勝海舟記念下町浅草がん哲学外来Café

コロナの時代を生き抜く      
~不可解はことばかりが起こるこの世を生きる~

 コロナ感染者数が減少し、秋晴れの爽やかな日が続く中、紅葉見学が待ち遠しいですね。昨日、スーパーでお正月用品が並んでいるのをみてびっくりしましたが、考えてみると今年も残すところ1ヶ月半ですから不思議ではないのですね。紅葉は待ち遠しいですが、今年が終わりに近づいていると思うと心がざわざわとなるのは私だけでしょうか。
 さて11月、皆さんをアッと驚かしたニュースは、作家で僧侶の瀬戸内寂聴さんの死ではないでしょうか。11/9に亡くなられたと11/11のニュースで知りました。がん闘病を経ても生涯、現役の作家であり続けた寂聴さんは99歳であの世に旅立たれました。生きた、愛した、書いた……型破りな行動や発言で世間を驚かせ、自分の道を突き進んだ寂聴さんの自由で逞しい精神は、多くの女性たちを勇気づけてきました。もう少しで百歳でしたから残念な気もしますが、天命を生ききったのだと思います。ご冥福をお祈りいたします。

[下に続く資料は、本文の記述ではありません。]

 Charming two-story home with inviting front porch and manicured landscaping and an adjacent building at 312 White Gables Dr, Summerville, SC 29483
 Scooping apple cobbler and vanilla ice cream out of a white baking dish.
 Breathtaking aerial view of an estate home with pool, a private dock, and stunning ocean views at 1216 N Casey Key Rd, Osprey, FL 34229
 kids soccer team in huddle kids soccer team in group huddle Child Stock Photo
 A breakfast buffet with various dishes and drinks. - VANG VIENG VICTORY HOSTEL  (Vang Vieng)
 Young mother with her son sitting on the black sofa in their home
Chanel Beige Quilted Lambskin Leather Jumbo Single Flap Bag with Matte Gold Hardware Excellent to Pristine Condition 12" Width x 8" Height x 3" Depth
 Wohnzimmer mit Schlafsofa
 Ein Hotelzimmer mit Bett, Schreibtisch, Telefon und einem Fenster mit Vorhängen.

 11月度の「勝海舟記念 下町(浅草)がん哲学外来」の「オンライン がん哲学メディカルCafe」(以下、「がん哲カフェ」と表記)は、大作家の死の数日後、11月15日(月)に開催されました。
  この日は、がん哲カフェ主宰者の“みやちゃん”こと宮原富士子さんと大阪で「メディカルカフェ あずまや」を主宰するあずま在宅医療クリニック医師の東英子先生の新企画で、読書会「今夜もカードで遊ぼう!」を試すこととなりました。寂聴先生同様、生涯現役の芸術家(美術家)故・篠田桃紅さんの著書「これでおしまい」(講談社)に収録されている貴重なメッセージをテキストにして哲学する時間を持ちました。

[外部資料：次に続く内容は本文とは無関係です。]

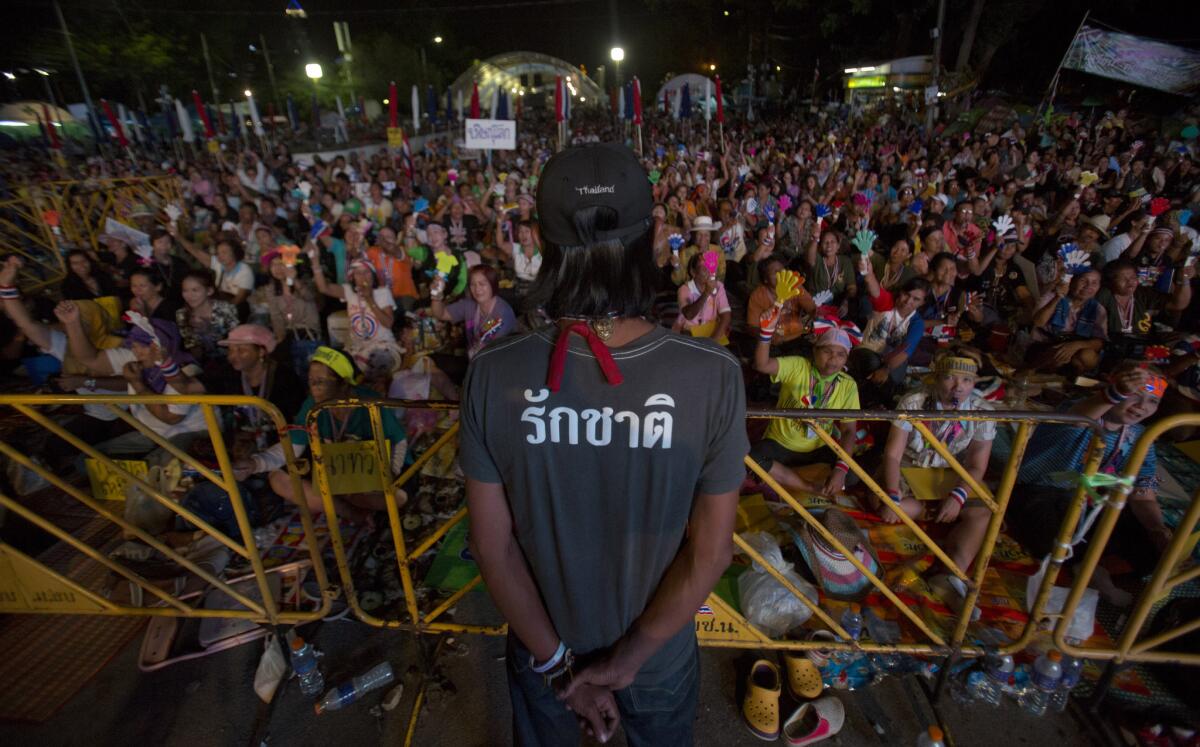 An antigovernment activist in Bangkok, Thailand, watches the crowd as protest leader Suthep Thaugsuban speaks to supporters after the nation's constitutional court nullified the results of a Feb. 2 election. Protesters, who have tried for four months to force Prime Minister Yingluck Shinawatra out of office, were cheered by the court action, which Yingluck's party denounced as biased.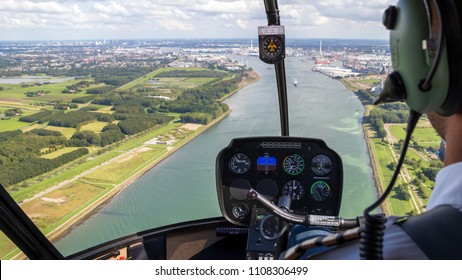 Helicopter Flight. View From The Cockpit With The Pilot And Flight Instruments.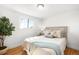 Serene bedroom with hardwood flooring, natural light, and cozy decor at 4210 S Dale Ct, Englewood, CO 80110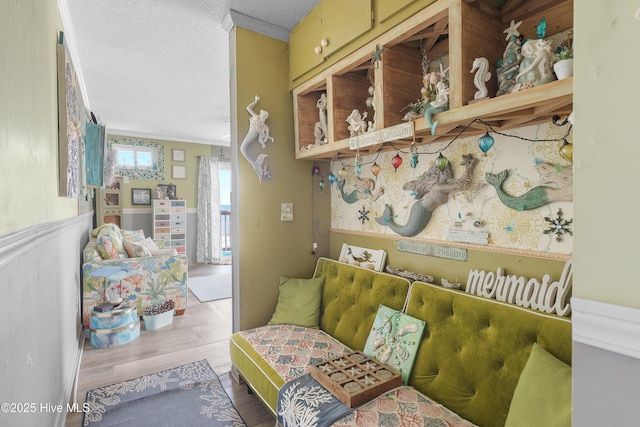 sitting room with wood finished floors and a textured ceiling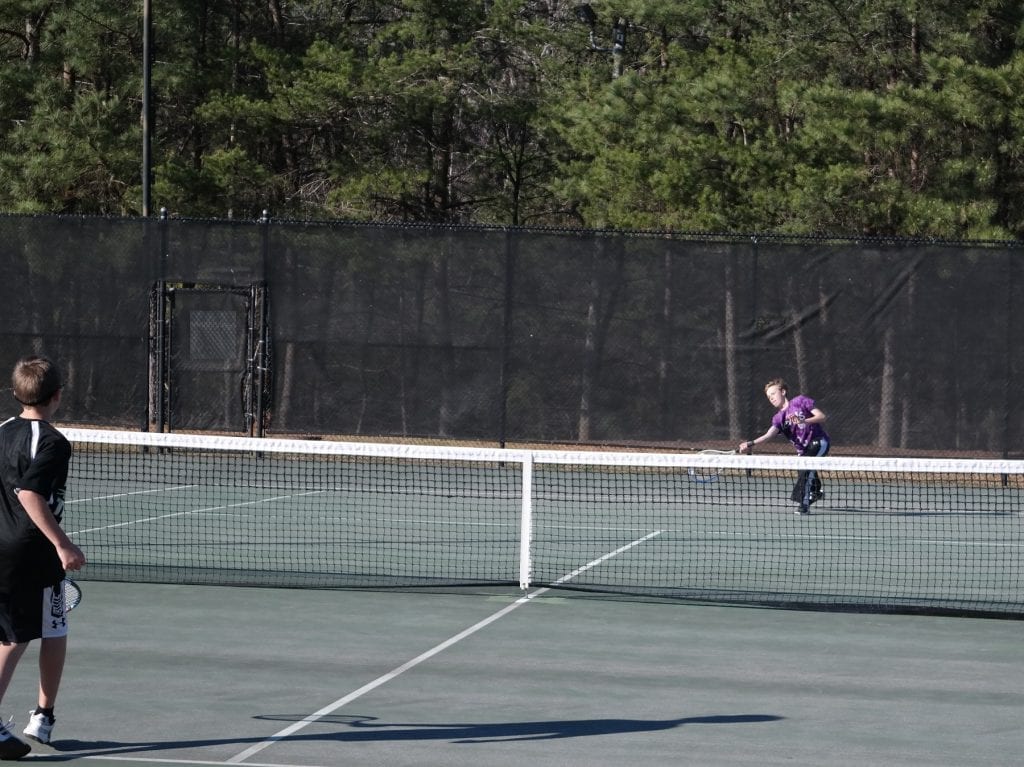 Bobcat Brady Sanford reaches for a return last Tuesday against Pickens. Sanford traveled to Fannin the next day and picked up an 8-3 victory. (Photo by: Kevin Hensley)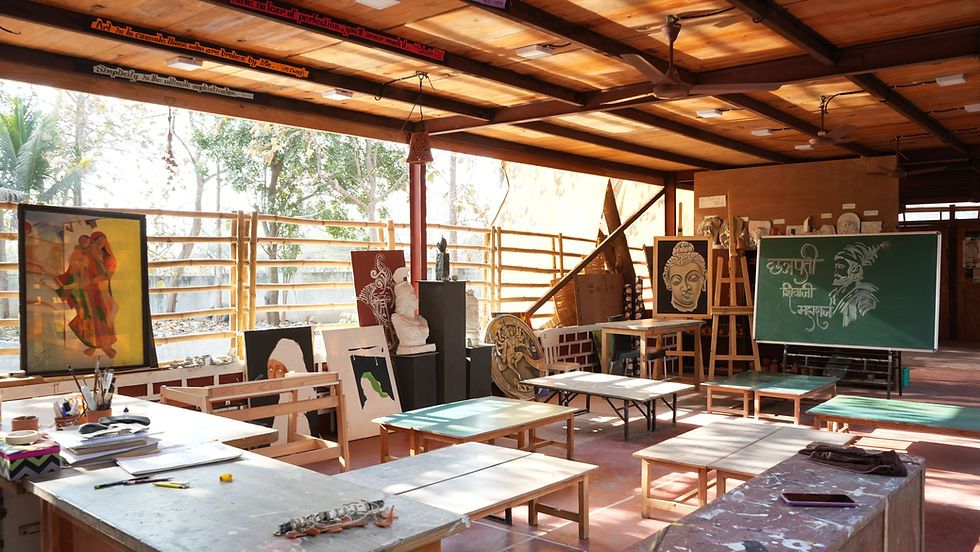 Art room with benches and colorful paintings on display.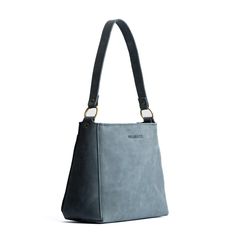 Effortless, Practical, Refined: our Triangle Shoulder Bag is perfect for everyday use. This handbag features a spacious interior and exterior pocket, comfortable shoulder strap and handy zipper.  Add an adjustable crossbody strap for a hands free option. Portland Leather Goods, Triangle Bag, Black Dahlia, Purse Organizer, Canvas Purse, Leather Stand, Purse Organization, Triple Threat, Almost Perfect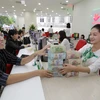 VPBank hỗ trợ gói vay trả nợ trước hạn tại ngân hàng khác lãi suất chỉ 4,6%. (Ảnh: Vietnam+)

 映画監督の篠田正浩さんの従姉妹である桃紅さんは大正2年生まれ、今年3月107歳で亡くなられました。同時代人にアルベール・カミュやロバート・キャパがいるそうですが、両者とも既に他界され“過去の人”となっているだけに百歳をこえることがいかにすごいかがわかりますよね。
  寂聴さんと桃紅さん。共に女性で、高齢に達しても天職としての仕事をきわめ続け、たくさんの印象に残る言葉を残した点で、迷える女性たちのオピニオンリーダー的存在でした。高齢社会の現在、長寿の方は多くいらっしゃいますが、モチベーションを持続し芸術活動に励むというのはなかなかできないものです。

 桃紅さんの示唆に富んだたくさんの言葉(メッセージ)はどれもこれも深い洞察に満ちていますが、この日、私をひきつけた言葉は、

「この世のことは一切が不可解です。だから、あらゆることが起こり得るんです」。

 東先生がテキストとしてカードに記した言葉を、参加したメンバーがどう解釈するか、それぞれの意見をのべる。意見の多様性はもちろん、別の日に読むと(考えると)違う解釈がでてくるから不思議です。

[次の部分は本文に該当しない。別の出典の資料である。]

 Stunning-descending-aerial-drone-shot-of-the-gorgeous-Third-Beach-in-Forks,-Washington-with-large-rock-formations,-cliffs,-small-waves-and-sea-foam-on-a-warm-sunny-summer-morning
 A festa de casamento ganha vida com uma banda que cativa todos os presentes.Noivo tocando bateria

 今年はまたしても地震のニュースが気になり心がざわついているところ。それなのに現在、毎週日曜日夜に放送されているTVドラマ「日本沈没」をみて不安は増幅中。それでも見続けている自分は困った性格だと再認識しています。
 ジェネリック問題も驚きでした。HPVワクチン訴訟の解決がなされていないのに、再び「積極的勧奨」という対応を示した政府の対応にも唖然としています。被害者支援について明白にしないのは被害者でなくても違和感を覚え、弱い立場の人の感情がすておかれ何もなかったことにされている(?)ような印象をうけます。国会議員の文通費の在り方にあきれるだけにその思いは強くなります。この問題は見直しが期待されるようですが、矛盾や不可解なことはまだまだたくさんあります……。
  この世を生きるためには、一喜一憂せず先人たちの哲学に触れてじっくり考える必要があるようです。